Türk Lirasının Değeri Niçin Sürekli Düşmekte?

Türk Lirası bu yıl içinde sürekli değer yitirmekte..
Çin’in parası Yuan’a göre, ABD Doları’na göre, Avro’ya göre ve daha başka ülkelere göre de..
Son bir yılda Çin’in para biriminin değeri Türk Lirası’na karşı yüzde 42 artış gösterdi.
Son bir yılda TL dolara karşı yüzde 44 geriledi..
Çin ile Türkiye’nin hem ticari hem siyasi hem de kültürel ilişkilerinin geliştirilmesi elbette güzel.
Geçen yıl Çin’den 23.3 milyar dolarlık ithalat yapılırken, ihracat 2.9 milyar dolarda kaldı. Çin’e ihracat çok az, ama oradan yaptığımız ithalat oldukça fazla.
Yuan’ın değeri son beş yılda yüzde 123, 10 yılda yüzde 330 arttı. Diğer para birimlerine karşı da durum farklı değil.
TL son bir yılda; Brezilya realine karşı yüzde 22, Rus rublesine karşı yüzde 36.2, Meksika pezosuna karşı yüzde 38.8, Hint rupisine karşı yüzde 33.8, Japon yenine karşı yüzde 43.8, Güney Kore wonuna karşı yüzde 31, İsviçre frangına karşı yüzde 41, İngiliz pounduna karşı yüzde 43.5, Avro’ya karşı yüzde 41.5 düştü.

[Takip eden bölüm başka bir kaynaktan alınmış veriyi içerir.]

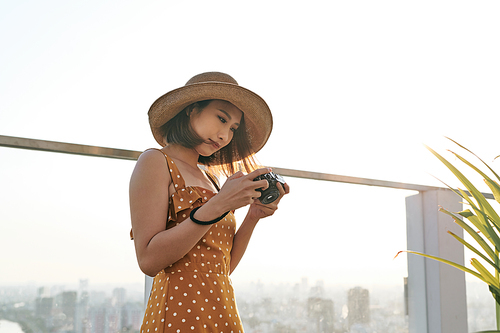 Young beautiful Asian traveler woman using digital compact camera and smile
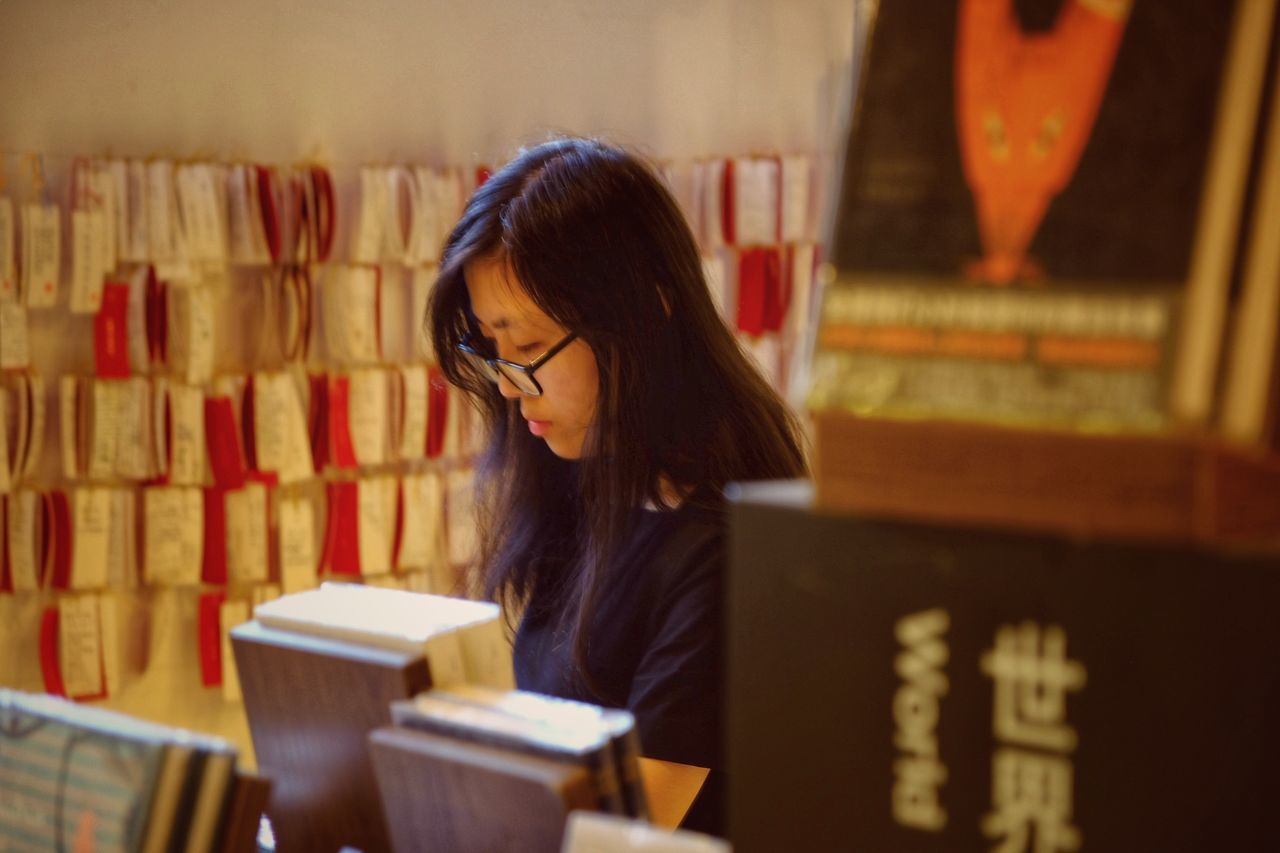 YOUNG WOMAN LOOKING AWAY WHILE BOOK ON SHELF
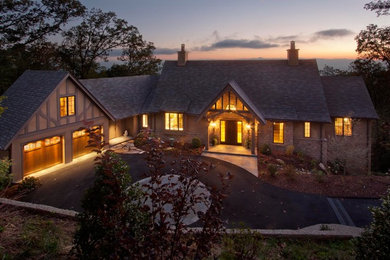 Large elegant beige stone house exterior photo in Other with a shingle roof and a gray roof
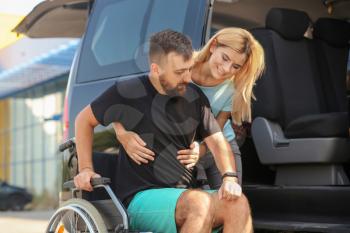 Woman helping handicapped man to sit in car�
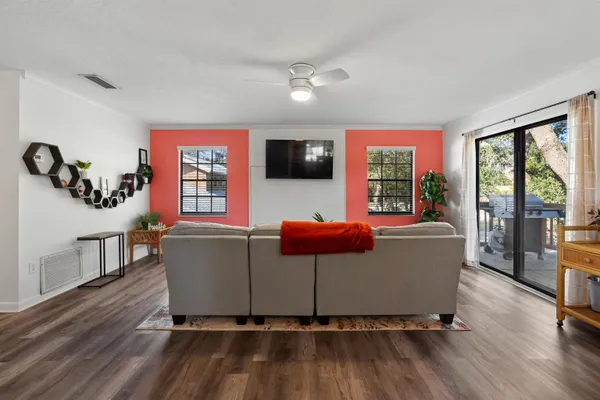 a living room with furniture window and wooden floor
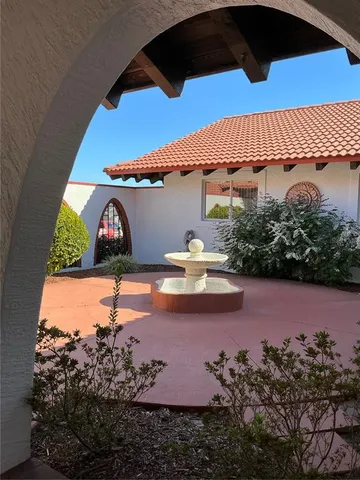 a view of a back yard of the house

Türk Lirasının değeri sadece Çin ve ABD paralarına göre değil, bir çok başka ülkelerin milli paralarına göre de gerilemiştir.

Peki bu durum hangi etkenlerden ileri gelmiştir?

Düşüşün nedenleri olarak dolardaki küresel güçlenmeyi öne sürebiliriz, ancak, Türkiye ekonomisinin temel sorunları bu durumda daha belirleyici olmuştur.
Sıralama yaparsak şu etkenleri öne sürebiliriz;

1- Son dönemde oluşan belirsizlik ve güvensizlikler.

2. Yüksek enflasyon, artan borçlar ve cari açık

3. Merkez Bankası’nın faiz kararlarının sorgulanması

4. Reel faizlerdeki düşüş ve ABD’de para politikasındaki normalleşme

5. Ticaret savaşları, ABD yaptırımları ve yatırımcının riskli bulduğu gelişen ülkelerden çıkması

Enflasyonun artışının da, TL’nin diğer paralara göre sürekli değer yitirişinin de, işsizliğin artmasının da gerisindeki en temel neden EKONOMİNİN DIŞA BAĞIMLILIĞI dır.
Bu bağımlılık hammadde olarak, aramalı olarak, enerji ve teknoloji olarak hep maliyet enflasyonunu besler.

Sonuç olarak, ekonominin üretkenlik potansiyelini keşfedeci ve harekete geçirici politikalara yönelmek zorunludur.

Kaynaklarımızı, oluşan katma değerlerimizi mutlaka üretken alanlara yöneltmeliyiz.
Aralıksız biçimde ÖZ PEŞİNDE olmak gerek.

Bu öz; yerel kaynaklar, ulusal değerler, iç dünyalarımızın asırlık güzellikleri, tarih ve coğrafyamızın binlerce yıllık yoğrulmuş medeniyet bileşimleri olduğu kadar, gelecek güzel günlere olan umutlar, güneş ülkesi olmamızın aydınlatıcı sevinçleri ve motorları maviliklere sürme bilincimizdir.